→ **WHAT YOU HAVE TO DO**
Copy out all lines from the entries below in which "Benz" occurs.

Dataset excerpts:

··········

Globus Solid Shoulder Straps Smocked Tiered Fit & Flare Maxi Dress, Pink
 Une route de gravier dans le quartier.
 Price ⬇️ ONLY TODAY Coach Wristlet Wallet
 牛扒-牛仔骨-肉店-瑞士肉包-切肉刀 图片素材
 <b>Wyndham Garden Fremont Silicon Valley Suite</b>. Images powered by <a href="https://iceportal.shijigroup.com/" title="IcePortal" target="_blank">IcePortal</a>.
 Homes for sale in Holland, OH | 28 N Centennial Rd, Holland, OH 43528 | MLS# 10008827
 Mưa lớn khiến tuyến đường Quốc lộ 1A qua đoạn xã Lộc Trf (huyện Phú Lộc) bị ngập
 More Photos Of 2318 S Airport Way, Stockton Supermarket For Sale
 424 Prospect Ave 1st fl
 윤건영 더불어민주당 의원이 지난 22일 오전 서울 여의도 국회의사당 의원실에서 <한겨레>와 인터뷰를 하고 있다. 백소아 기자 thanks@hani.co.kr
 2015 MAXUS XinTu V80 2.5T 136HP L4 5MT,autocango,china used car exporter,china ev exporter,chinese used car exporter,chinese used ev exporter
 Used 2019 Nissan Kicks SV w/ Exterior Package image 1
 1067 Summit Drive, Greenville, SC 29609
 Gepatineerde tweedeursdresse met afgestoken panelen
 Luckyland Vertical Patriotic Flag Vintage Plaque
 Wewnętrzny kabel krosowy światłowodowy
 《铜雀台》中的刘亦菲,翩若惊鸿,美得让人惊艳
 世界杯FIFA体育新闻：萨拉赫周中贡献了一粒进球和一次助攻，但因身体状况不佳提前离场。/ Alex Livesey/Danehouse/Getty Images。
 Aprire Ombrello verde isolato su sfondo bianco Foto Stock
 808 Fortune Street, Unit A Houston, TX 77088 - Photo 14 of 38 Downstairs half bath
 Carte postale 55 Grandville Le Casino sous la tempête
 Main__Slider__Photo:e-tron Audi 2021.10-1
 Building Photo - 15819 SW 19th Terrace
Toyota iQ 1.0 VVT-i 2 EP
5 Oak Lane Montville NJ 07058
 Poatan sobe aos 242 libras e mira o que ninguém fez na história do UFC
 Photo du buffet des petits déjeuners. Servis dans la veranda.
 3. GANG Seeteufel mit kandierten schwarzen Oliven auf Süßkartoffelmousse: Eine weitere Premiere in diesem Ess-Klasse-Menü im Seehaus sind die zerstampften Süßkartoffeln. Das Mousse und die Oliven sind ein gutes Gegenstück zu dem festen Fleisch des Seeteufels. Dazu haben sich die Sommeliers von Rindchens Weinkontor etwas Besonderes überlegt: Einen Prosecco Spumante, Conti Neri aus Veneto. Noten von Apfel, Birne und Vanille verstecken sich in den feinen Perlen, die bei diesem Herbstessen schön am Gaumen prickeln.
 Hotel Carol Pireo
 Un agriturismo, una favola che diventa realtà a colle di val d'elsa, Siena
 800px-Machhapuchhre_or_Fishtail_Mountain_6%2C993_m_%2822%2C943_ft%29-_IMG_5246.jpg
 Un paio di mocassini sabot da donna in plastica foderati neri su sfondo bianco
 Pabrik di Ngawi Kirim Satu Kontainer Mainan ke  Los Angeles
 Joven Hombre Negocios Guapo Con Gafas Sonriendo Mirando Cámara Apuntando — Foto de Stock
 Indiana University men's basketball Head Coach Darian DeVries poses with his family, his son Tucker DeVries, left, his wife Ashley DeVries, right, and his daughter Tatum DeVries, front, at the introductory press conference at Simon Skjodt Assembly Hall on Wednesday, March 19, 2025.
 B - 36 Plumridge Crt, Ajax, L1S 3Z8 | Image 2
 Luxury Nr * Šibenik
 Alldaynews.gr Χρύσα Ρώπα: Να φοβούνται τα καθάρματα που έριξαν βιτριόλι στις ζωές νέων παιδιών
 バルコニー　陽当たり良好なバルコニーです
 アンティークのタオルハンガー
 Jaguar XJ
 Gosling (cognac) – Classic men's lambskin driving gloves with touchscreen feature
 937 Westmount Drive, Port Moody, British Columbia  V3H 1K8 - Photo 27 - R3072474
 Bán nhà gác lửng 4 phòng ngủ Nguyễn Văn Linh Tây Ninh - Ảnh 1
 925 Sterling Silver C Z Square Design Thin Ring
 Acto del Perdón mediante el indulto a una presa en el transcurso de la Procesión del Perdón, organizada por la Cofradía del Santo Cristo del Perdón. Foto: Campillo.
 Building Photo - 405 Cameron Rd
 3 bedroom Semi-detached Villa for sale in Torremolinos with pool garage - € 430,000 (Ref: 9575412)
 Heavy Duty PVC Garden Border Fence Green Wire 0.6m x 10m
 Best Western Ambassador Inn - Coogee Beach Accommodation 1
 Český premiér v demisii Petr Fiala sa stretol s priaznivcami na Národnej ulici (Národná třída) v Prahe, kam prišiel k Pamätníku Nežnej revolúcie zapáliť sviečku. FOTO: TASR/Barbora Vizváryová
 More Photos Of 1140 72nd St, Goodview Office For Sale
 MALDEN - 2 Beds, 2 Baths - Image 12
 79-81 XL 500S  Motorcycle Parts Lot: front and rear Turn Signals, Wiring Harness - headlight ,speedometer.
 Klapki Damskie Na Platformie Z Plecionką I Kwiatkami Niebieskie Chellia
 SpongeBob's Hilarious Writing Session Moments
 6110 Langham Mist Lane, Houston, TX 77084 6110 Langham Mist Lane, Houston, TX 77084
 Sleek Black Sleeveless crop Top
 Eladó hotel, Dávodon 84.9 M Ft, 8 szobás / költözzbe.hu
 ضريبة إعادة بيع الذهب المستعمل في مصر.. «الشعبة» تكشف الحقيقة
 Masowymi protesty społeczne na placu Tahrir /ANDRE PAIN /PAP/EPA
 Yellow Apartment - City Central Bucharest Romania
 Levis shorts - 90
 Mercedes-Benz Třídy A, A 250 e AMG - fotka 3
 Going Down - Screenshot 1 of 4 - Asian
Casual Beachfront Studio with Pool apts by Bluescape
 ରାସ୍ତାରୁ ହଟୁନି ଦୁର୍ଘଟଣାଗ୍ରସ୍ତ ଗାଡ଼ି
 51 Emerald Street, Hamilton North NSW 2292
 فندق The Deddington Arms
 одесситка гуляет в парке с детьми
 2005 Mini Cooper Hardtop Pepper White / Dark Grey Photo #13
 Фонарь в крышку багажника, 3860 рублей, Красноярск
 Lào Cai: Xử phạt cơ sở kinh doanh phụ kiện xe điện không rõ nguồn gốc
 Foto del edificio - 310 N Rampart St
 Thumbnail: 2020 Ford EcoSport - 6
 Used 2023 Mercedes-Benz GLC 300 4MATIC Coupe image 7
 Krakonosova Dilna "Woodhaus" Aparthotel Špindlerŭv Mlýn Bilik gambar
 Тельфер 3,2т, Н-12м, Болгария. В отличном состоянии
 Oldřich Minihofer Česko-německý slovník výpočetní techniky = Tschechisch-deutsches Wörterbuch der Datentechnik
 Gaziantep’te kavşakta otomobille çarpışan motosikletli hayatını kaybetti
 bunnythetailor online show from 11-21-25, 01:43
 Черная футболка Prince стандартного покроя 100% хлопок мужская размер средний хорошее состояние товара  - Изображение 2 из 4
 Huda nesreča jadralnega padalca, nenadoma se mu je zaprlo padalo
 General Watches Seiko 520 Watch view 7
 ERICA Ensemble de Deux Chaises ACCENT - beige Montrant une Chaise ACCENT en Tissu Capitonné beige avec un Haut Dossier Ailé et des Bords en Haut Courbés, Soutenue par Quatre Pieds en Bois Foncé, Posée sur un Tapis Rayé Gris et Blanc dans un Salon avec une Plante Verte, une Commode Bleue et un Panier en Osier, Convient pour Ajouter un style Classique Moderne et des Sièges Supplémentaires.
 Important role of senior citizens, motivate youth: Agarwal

··········

→ **WORKED SOLUTION**
 Mercedes-Benz Třídy A, A 250 e AMG - fotka 3
 Used 2023 Mercedes-Benz GLC 300 4MATIC Coupe image 7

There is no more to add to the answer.